Country lane near school

The country road leading to SMAN 1 Mandastana.

On our second day at SMAN 1 Mandastana, I was faced with a bit of a challenge. During my presentation yesterday on my school (American Academy of Innovation) I showed slides of my students doing chemistry demonstrations, including the well-known flame test demo, where nichrome wires are dipping into solutions of potassium, lithium, sodium, calcium, barium, strontium, and copper salts, then heated in a Bunsen burner flame. These elements have fairly simple quantum structures (one or two electrons in an outer shell) and emit very definite colors. As the electrons are heated up, they absorb energy from the flame and jump to specific higher quantum levels. They then emit the same wavelengths of light as they fall back down to their ground states.

Doing flame test lab

Doing the flame test lab with chemistry students at SMAN 1 Mandastana near Banjarmasin in Southern Borneo.

The students asked, through Nazar, if they could do the same lab. My response was, “I don’t know – let’s look and see what you have and maybe we can.” I didn’t want to commit the chemistry teacher to do a lab, but she seemed willing, so we looked through her supply of chemicals after the class and found cupric sulfate, sodium chloride, potassium chloride, and barium sulfate. No lithium or strontium, which give off the best colors, but at least these four will work. Then we looked at her equipment. She has a lab assistant, and we unlocked the cabinets in her storage room. They have one nichrome wire, alcohol burners, and a good supply of beakers. So we could make this work.

So this morning I went to the chemistry classroom first thing, about 45 minutes before the students were to come in. The teacher got out the chemicals, and I discovered something interesting: none of the chemicals had been opened, not even the sodium chloride.
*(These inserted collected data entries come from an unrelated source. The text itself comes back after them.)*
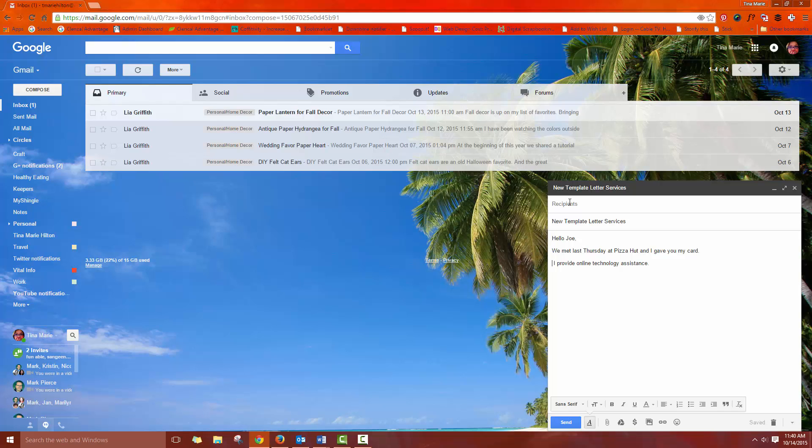But it makes it so much easier because this is a silly short email. But if you've got an email where there's a lot of information that you've been typing and retyping or even cutting and pasting, it's a pain. So by using these canned responses, it gives you a nice Gmail template that you can use over and over again and save yourself time and effort.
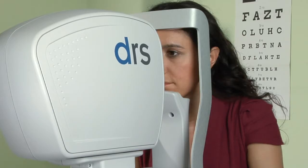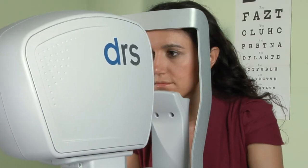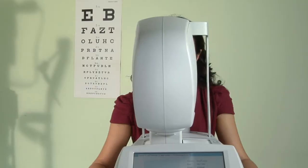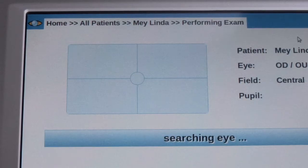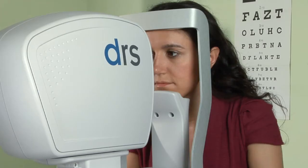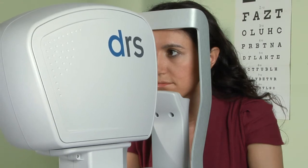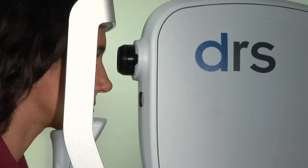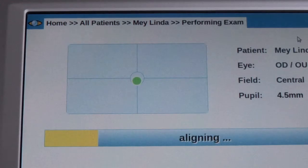From this point on, the process is completely automated. No operator is required as the DRS self-aligns to the eye under exam, automatically focuses, and captures the image.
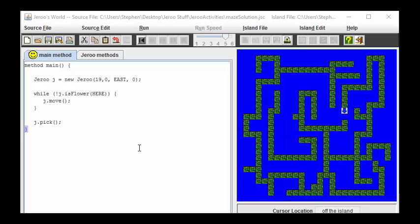This problem might look extremely difficult, but we have one thing going for us on this particular maze. Notice that there are no loop structures in this maze. What we mean by that is as follows.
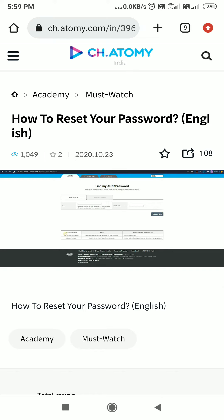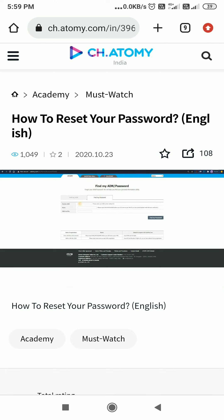If you joined before 14th November 2019, kindly enter your name and the 8-digit document number you used during registration. Your ADN will be displayed on the screen.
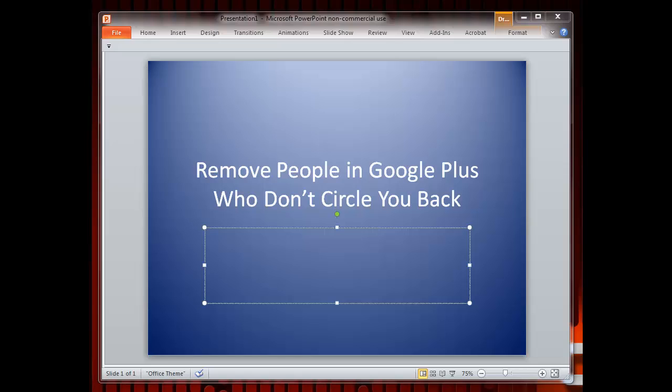This tutorial will show you how to remove people in your Google Plus circles who don't reciprocate. The first step is to open your Google Chrome browser. If you do not have Google Chrome, you can type Google Chrome into your search engine to download it. Google Chrome is free for all users.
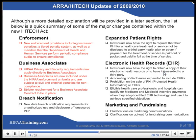Although a more detailed explanation will be provided in a later section, the list below is a quick summary of some of the major changes contained within the new HITECH Act. Enforcement: new enforcement provisions including increased penalties, a tiered penalty system, and a mandate that the Department of Health and Human Services perform periodic compliance audits to ensure compliance. Business Associates: HIPAA Privacy and Security requirements now apply directly to business associates. Business associates are now included under the HIPAA enforcement umbrella and are subject to civil and criminal penalties for noncompliance.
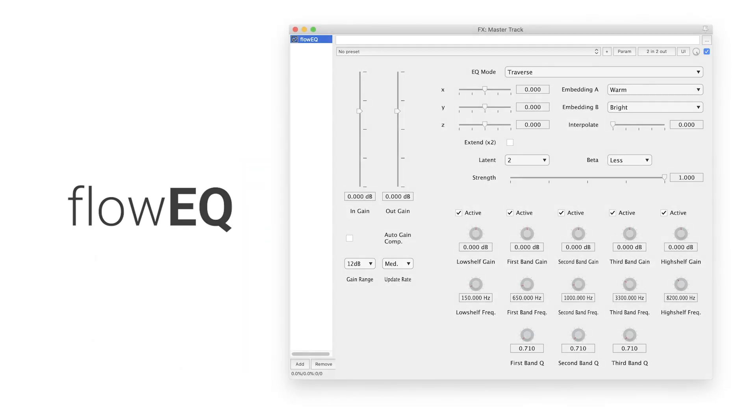Today, I want to talk about FlowEQ, a plugin I built with MATLAB to expand the way in which audio engineers interface with the parametric equalizer.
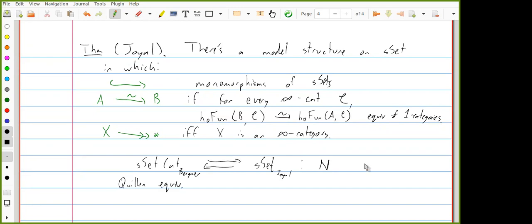If we believe that these simplicially enriched categories are a good way of thinking about higher categories, we should also think that quasi-categories are. In particular, taking a simplicial model category, restricting to its subcategory of cofibrant objects, then applying this left adjoint gives an infinity category. So there's an infinity category of spaces, an infinity category of infinity categories from the Joyal model structure, and so on.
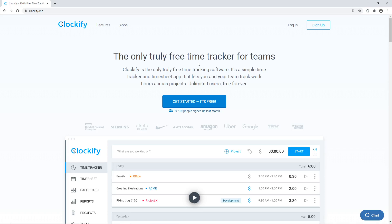Welcome! In this demo, we'll go over how everything works in Clockify.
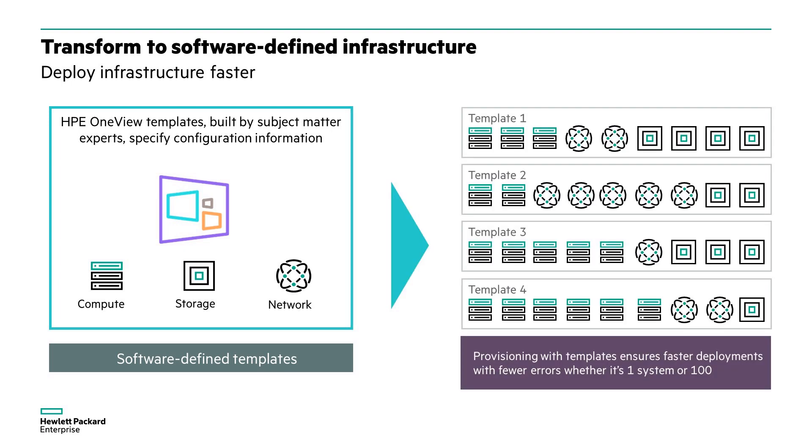Server profile templates can be used to capture best practices once, and then roll them out multiple times in an efficient and error-free way.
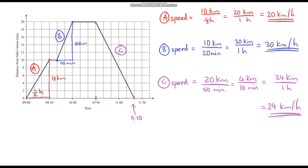Looking at these speeds, they do make sense. The quickest speed is 30 kilometres per hour — the blue section — which makes sense because it has the steepest gradient. The shallowest gradient means we're travelling the slowest, which is 20 kilometres per hour. Hopefully this video gave you more practice calculating speed using a distance-time graph. Remember, speed is always positive — even if we're going backwards, back home, the speed is still positive.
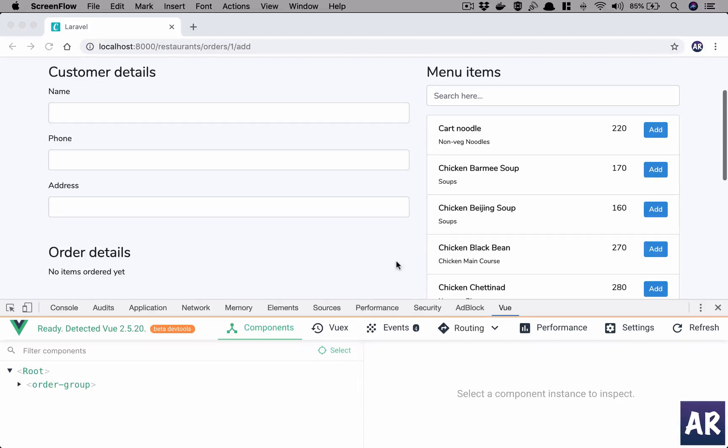Welcome to this episode. Today I will look at saving the order information and saving it to the database so that we can proceed with the next steps.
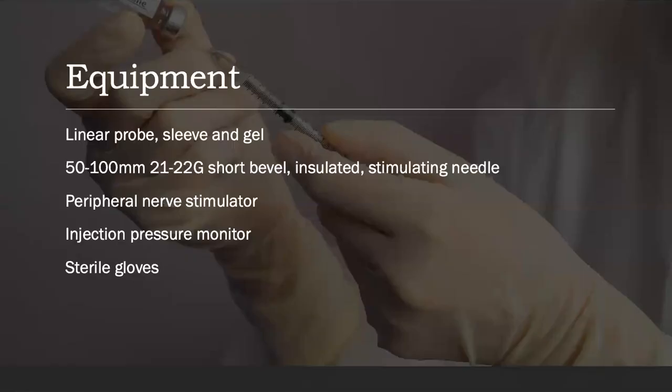In terms of equipment, we need to prepare our linear probe. We have to have a sleeve — a sterile one preferably — to cover the probe and protect it, ultrasound gel, a 50 to 100 millimeter short bevel insulated stimulator needle, as well as a peripheral nerve stimulator, an injection pressure monitor, and sterile gloves.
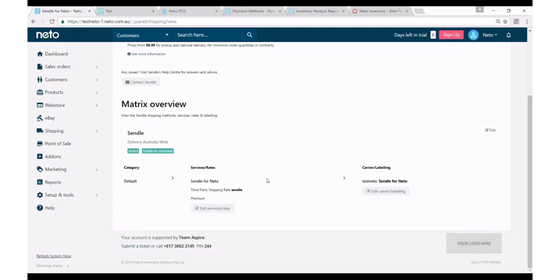But what I'm showing you here and what you can do is very quickly and easily just add Sendl as an additional option to your website, giving your customers more choice at checkout and again maybe leveraging the eco-friendly nature of Sendl as a way to differentiate it from other carriers. So simple as that, that's how you set up Sendl.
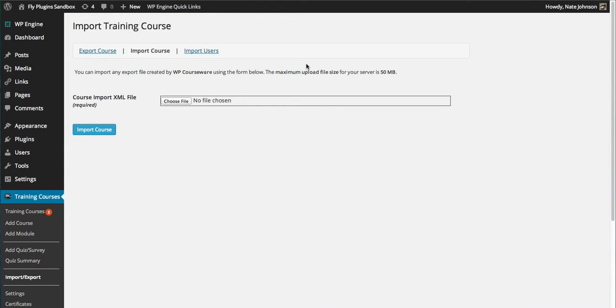Hi everyone, it's Nate here from flyplugins.com. In this tutorial video, we will be discussing how to export and import your WP Courseware training courses.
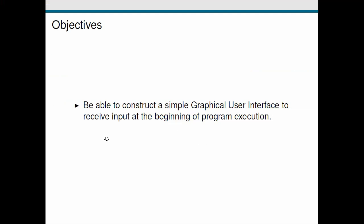Okay, so looking at our objective, this is a fairly simple screencast today. What we wanted to be able to do is to construct this simple GUI and use it to get input from the user when we start running our program. Okay, I'll see you in the next screencast.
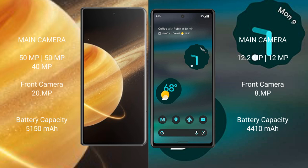Honor Magic V3 rear triple camera setup 50MP plus 50MP plus 40MP, front camera 20MP. Google Pixel 6a rear dual camera setup 12.2MP plus 12MP, front camera 8MP. Honor Magic V3 5150 mAh battery 66W fast charging support. Google Pixel 6a 4410 mAh battery 18W fast charging support.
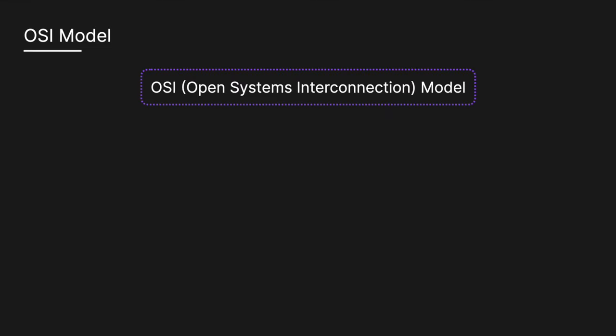So what actually is the OSI model? In this video, we're going to look at each of the seven layers as well as a real-world example. So let's jump in.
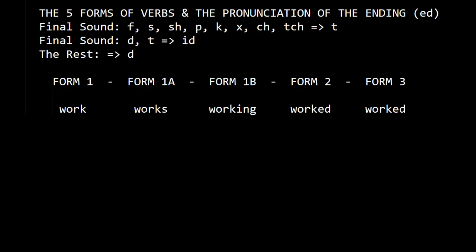Hi again, I'm Isidoro Parlamas. Today we're going to talk about the five forms of the main verbs and the pronunciation of the ending -ed. Let's start.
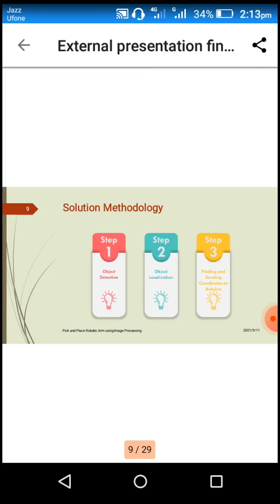Apart from HSV color filtering, we are using bilateral filter, Gaussian blur, and contouring. Once the object is identified based on its color, the next step is to find and send the coordinates to the Arduino.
The equipment also appeared to be unused – not brand new, as the storage cabinet had some dust on it, but sitting there for I don’t know how long. No stains on the beakers, and the alcohol burners had never been lit. We had to scrounge around to find a cigarette lighter. At least the container of alcohol for the burners appeared to have been used – about 1/3 of it was gone.

Flame test 2

David Black helping students with the flame test lab at SMAN 1 Mandastana near Banjarmasin in Southern Kalimantan.

Now I know this is not the norm throughout Indonesia, as I had seen the Assistant Principal at the elementary school we visited do the Priestley Experiment, the chemistry equipment at the SMAN 8 Jakarta school was well-used, and I found out later that other teachers saw science experiments being done at their host schools. So I don’t know why the equipment and chemicals have not been used here. The teacher certainly knows her stuff, as I saw from the class the previous day when the students were taking notes on mole fractions. And she is very willing to do this lab. So it seems to me that she either hasn’t had the training/professional development of how to conduct labs and use her equipment or she is unwilling to use up her supplies.

It also appears to me that the chemicals and supplies were part of a package provided by the central government, with a set list of materials. As chemistry classes go, she was fairly well supplied, but the chemicals were stored inside the fume hood as well as underneath, and the hood looked as if it might not function or be hooked up properly. The school is 20 years old and all the sinks in the chemistry lab were rusted out and nonfunctional, so that I had to get water for my solutions from a container on the counter. It was not possible for me to inquire further to see if this condition is general throughout Kalimantan Selatan or other provinces, but I guess that this might be a common problem in rural schools in Indonesia. After all, it is a common enough problem in the United States. Many teachers in both countries do not do the types of inquiry labs that students need to understand the practical side of chemistry.

David with chemistry teachers

David Black posing with the chemistry teachers (left) and English teachers (right) of SMAN 1 Mandastana. I really need to get my name tag straightened out . . .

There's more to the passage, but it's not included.